- Exercise inputs -
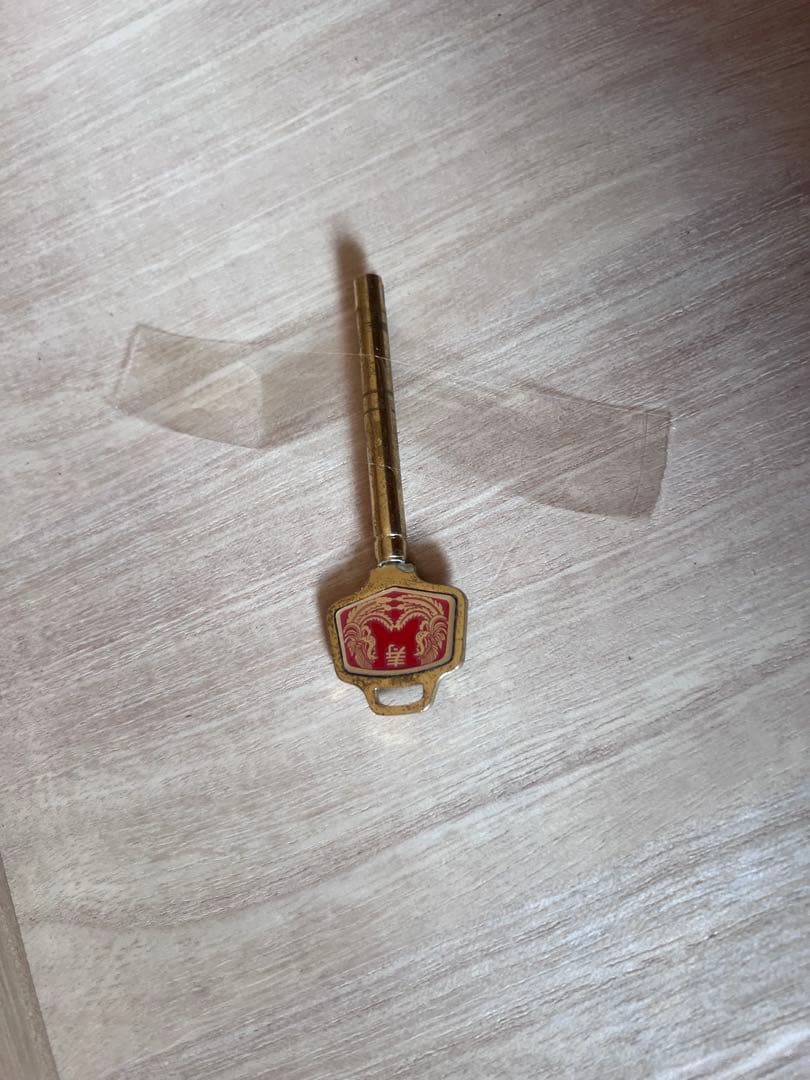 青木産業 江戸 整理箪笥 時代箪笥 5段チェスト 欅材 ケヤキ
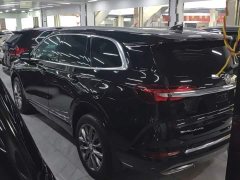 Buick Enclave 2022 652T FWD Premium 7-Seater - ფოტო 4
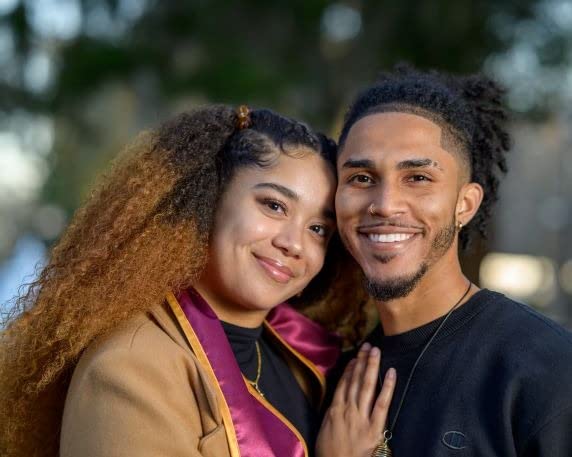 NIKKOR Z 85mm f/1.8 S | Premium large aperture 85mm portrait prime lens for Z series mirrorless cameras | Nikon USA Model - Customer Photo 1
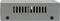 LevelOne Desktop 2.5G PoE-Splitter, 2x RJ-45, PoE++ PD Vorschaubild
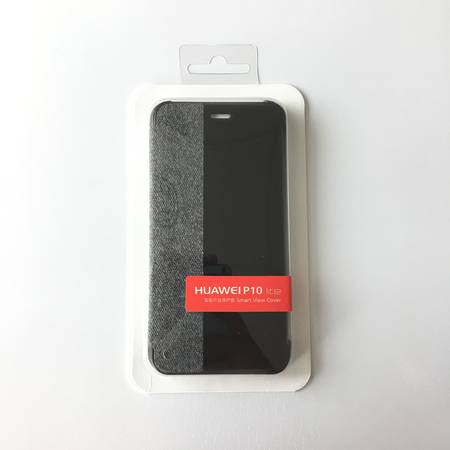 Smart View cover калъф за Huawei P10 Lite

- Activity -
Beginning with the line that contains "NIKKOR Z 85mm" and ending with the last line of the data above, output those lines exactly and nothing more, without any pictures.

- Task answer -
 NIKKOR Z 85mm f/1.8 S | Premium large aperture 85mm portrait prime lens for Z series mirrorless cameras | Nikon USA Model - Customer Photo 1
 LevelOne Desktop 2.5G PoE-Splitter, 2x RJ-45, PoE++ PD Vorschaubild
 Smart View cover калъф за Huawei P10 Lite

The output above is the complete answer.